Капитан Грифитс вышел и направился к хижине, занимаемой донной Розарио и ее верной мисс Гарриэтой Дюмбар.
Стоявший на пороге Пелон, увидев капитана, предупредил об этом свою госпожу и потом ввел посетителя.
Молодая женщина сидела, облокотившись на спинку кровати; все стены избушки были завешаны мехами, а толстый ковер скрывал земляной пол.
Огонь горел в камине и распространял приятную теплоту в избушке, сплетенной из сучьев и ветвей дерев.
Гарриэта Дюмбар сидела на табурете около своей госпожи.
Донна Розарио встретила капитана с очаровательной улыбкой и протянула ему руку.
Грифитс почтительно наклонился к этой маленькой, изящной ручке, слегка коснувшись ее своими губами.
— Благодарю вас, — сказала она с некоторым смущением, — благодарю за услугу, которую вы мне оказали, капитан.
— Прошу вас, сеньора, — отвечал Грифитс, — считать меня одним из самых покорных и преданнейших слуг ваших; я ожидаю от вас новых приказаний.
— Прежде чем просить вас о новой услуге, капитан, — отвечала она, — я считаю своим долгом сказать вам, кто я такая, и познакомить вас с личностью, которой вы спасли жизнь. Милая Гарриэта, подайте стул капитану.

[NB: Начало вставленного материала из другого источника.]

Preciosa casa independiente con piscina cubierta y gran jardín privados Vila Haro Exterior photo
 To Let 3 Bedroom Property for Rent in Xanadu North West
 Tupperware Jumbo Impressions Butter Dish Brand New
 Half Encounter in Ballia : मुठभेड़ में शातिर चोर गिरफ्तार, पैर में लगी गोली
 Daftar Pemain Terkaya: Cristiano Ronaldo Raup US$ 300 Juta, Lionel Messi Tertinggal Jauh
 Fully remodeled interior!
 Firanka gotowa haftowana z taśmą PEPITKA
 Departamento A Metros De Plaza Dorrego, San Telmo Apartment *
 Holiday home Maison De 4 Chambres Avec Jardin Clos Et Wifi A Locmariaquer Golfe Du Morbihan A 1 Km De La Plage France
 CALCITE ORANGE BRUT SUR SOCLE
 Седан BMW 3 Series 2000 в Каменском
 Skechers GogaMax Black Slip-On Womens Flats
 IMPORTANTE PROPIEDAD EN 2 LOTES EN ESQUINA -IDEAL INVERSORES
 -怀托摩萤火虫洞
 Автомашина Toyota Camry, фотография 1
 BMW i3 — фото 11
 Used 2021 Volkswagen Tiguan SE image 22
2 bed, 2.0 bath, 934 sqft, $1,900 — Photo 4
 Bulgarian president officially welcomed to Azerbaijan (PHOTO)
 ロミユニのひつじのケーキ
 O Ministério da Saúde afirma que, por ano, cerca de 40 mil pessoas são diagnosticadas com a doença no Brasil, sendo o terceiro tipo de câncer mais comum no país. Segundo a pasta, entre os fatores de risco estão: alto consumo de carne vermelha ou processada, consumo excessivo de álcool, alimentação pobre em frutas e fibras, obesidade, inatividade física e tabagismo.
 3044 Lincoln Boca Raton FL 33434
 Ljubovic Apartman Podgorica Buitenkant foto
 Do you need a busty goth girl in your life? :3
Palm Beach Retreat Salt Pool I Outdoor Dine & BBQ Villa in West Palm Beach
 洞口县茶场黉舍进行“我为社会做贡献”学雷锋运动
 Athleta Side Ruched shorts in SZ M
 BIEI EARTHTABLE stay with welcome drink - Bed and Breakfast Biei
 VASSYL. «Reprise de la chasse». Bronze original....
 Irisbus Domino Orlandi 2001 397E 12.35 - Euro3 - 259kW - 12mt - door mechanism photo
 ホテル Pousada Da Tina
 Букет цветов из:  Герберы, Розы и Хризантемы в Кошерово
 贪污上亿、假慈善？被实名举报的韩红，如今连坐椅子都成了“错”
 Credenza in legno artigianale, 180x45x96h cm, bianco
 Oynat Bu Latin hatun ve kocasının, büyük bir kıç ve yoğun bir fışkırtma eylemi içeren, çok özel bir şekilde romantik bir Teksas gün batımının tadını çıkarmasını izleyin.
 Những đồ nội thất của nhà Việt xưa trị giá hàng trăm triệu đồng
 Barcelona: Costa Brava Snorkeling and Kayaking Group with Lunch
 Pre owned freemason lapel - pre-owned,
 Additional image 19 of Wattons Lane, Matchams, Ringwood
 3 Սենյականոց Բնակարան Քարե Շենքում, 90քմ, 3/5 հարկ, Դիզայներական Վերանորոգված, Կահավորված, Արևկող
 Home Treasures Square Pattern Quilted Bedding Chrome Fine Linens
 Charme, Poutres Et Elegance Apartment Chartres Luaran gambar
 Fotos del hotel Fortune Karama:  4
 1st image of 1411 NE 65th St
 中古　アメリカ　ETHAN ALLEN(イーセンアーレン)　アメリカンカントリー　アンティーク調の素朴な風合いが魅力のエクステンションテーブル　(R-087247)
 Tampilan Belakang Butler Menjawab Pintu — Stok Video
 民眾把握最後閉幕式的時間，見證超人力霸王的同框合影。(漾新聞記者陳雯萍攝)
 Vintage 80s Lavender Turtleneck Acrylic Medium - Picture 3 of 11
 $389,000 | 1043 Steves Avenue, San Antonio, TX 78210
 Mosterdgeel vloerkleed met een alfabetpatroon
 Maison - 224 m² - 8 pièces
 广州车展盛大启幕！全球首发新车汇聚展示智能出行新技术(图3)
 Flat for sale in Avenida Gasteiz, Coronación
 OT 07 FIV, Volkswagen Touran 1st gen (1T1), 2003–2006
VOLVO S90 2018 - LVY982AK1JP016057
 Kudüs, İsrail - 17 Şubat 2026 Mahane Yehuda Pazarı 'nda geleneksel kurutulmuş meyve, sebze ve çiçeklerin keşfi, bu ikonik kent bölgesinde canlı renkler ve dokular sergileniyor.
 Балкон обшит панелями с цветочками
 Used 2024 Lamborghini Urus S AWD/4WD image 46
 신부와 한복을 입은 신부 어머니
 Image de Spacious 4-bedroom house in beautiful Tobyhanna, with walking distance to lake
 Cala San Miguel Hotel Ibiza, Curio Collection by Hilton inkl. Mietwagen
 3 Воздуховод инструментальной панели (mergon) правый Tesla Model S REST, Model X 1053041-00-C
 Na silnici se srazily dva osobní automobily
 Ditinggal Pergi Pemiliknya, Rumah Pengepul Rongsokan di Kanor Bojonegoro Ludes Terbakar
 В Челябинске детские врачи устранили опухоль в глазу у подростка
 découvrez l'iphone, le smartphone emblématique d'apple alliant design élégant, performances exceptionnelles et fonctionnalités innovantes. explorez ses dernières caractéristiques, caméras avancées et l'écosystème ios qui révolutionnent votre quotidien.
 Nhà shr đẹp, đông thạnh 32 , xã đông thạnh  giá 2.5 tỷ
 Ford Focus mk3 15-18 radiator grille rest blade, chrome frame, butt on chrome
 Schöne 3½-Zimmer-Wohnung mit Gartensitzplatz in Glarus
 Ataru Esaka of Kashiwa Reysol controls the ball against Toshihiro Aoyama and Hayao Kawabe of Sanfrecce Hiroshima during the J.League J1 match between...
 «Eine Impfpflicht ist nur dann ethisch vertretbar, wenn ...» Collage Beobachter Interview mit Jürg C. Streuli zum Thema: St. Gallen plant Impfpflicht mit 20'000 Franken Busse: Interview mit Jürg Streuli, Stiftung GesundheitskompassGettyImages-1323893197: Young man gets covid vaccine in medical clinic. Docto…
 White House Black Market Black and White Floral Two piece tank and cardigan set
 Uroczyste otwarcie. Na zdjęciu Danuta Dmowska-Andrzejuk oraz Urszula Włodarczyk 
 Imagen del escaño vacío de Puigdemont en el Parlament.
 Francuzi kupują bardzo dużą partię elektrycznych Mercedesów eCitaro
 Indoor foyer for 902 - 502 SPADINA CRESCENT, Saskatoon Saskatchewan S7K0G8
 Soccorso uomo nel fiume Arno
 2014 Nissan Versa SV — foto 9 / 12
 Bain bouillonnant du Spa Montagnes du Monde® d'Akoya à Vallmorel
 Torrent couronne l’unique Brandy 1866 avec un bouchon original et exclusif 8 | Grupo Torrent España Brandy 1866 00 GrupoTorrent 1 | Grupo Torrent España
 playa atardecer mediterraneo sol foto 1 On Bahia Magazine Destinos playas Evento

Молодая девушка поспешила исполнить ее просьбу, но Пелон предупредил ее, схватив табурет и подавая его капитану.
— Увы! — сказал Грифитс с печальной улыбкой, — я знаю вашу историю, она походит на историю многих несчастных, преследуемых судьбою, как вы, мадам; поведение капитана Кильда давно уж обратило на себя всеобщее внимание; всем в этой местности известно отвратительное ремесло его. Он вас, вероятно, похитил из вашего семейства, насильно принудил следовать за ним с целью продать мормонам, но, слава Богу, его низкий замысел не удался! Теперь вы свободны и находитесь в безопасности от ваших преследователей.
— Увы! — отвечала донна Розарио с печальной улыбкой, — капитан Кильд не так виноват, как вы думаете, потому что я была ему продана.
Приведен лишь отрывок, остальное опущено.